Beginning at the line that contains "2013 Nissan Altima", reproduce the entries below exactly, ending with the line that contains "Prodej rodinného domu". Omit each picture.
Data provided below:
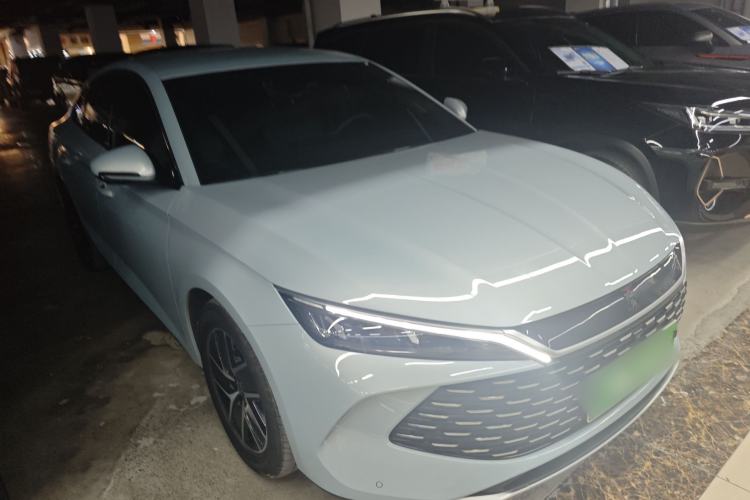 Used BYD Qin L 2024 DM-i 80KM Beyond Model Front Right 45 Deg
End of Data provided.
Data provided below:
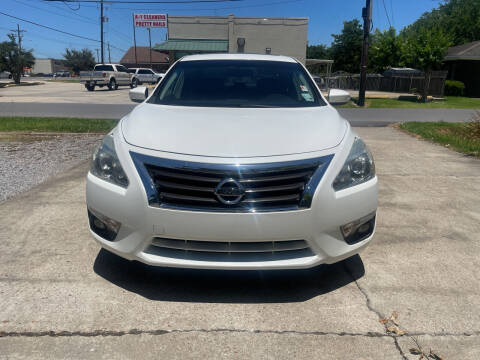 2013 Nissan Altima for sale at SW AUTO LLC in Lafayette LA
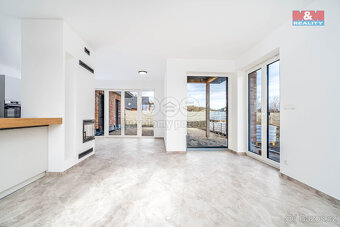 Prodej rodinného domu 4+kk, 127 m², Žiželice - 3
End of Data provided.
Data provided below:
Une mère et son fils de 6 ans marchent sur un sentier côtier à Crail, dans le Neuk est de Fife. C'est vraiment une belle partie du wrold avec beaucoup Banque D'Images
End of Data provided.
Answer to this problem
 2013 Nissan Altima for sale at SW AUTO LLC in Lafayette LA
 Prodej rodinného domu 4+kk, 127 m², Žiželice - 3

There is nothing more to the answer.